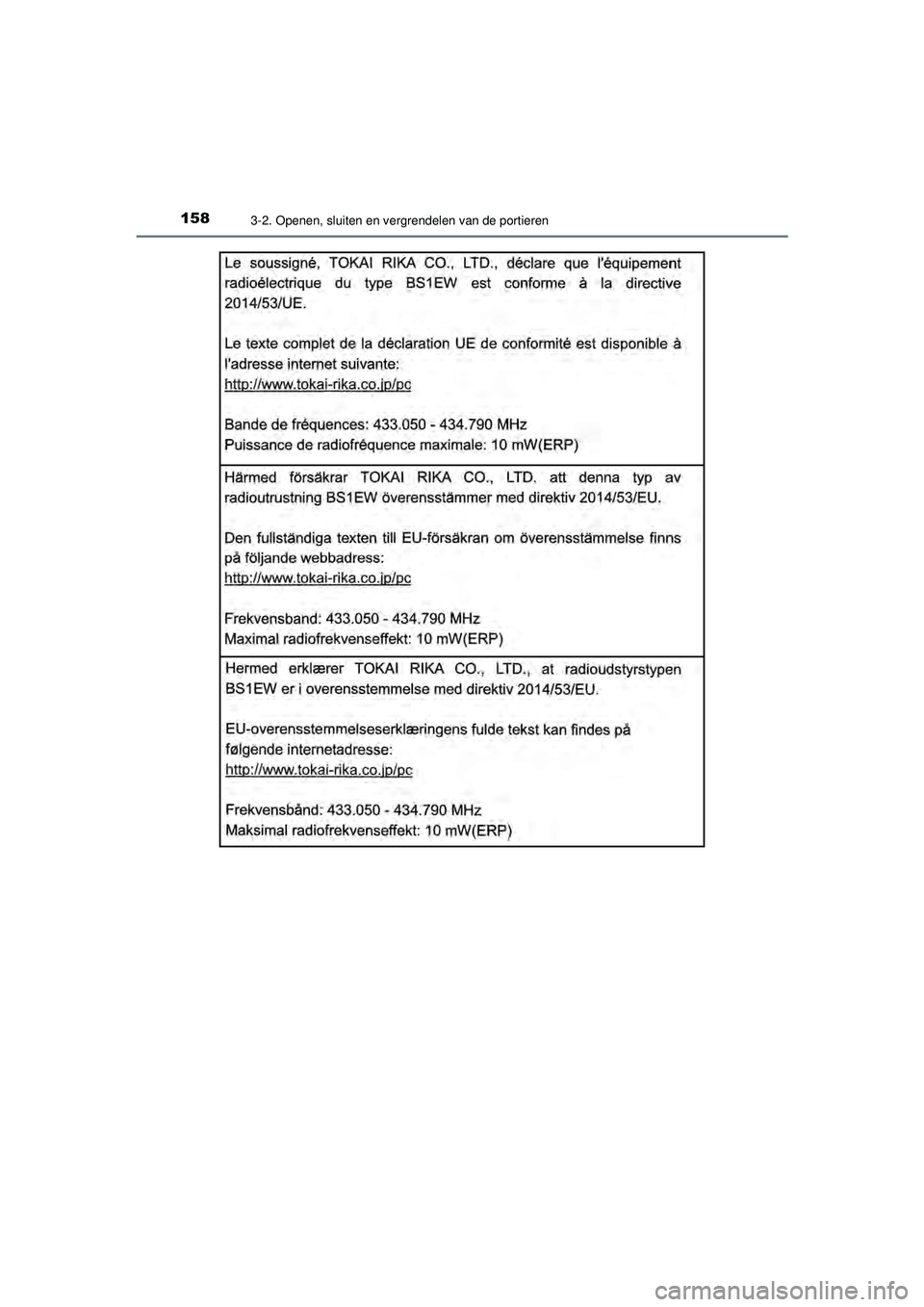 TOYOTA AYGO 2021  Instructieboekje (in Dutch) 1583-2. Openen, sluiten en vergrendelen van de portieren
AYGO_OM_Europe_OM9A012E
AYGO_OM_Europe_OM9A012E.book  Page 158  Wednesday, October 28, 2020  10:30 AM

-------------------------

▶ _WHAT YOU HAVE TO DO_: Output the whole of the data, unchanged; keep the pictures out.

▶ _RESULT FOR THIS EXERCISE_:
 TOYOTA AYGO 2021  Instructieboekje (in Dutch) 1583-2. Openen, sluiten en vergrendelen van de portieren
AYGO_OM_Europe_OM9A012E
AYGO_OM_Europe_OM9A012E.book  Page 158  Wednesday, October 28, 2020  10:30 AM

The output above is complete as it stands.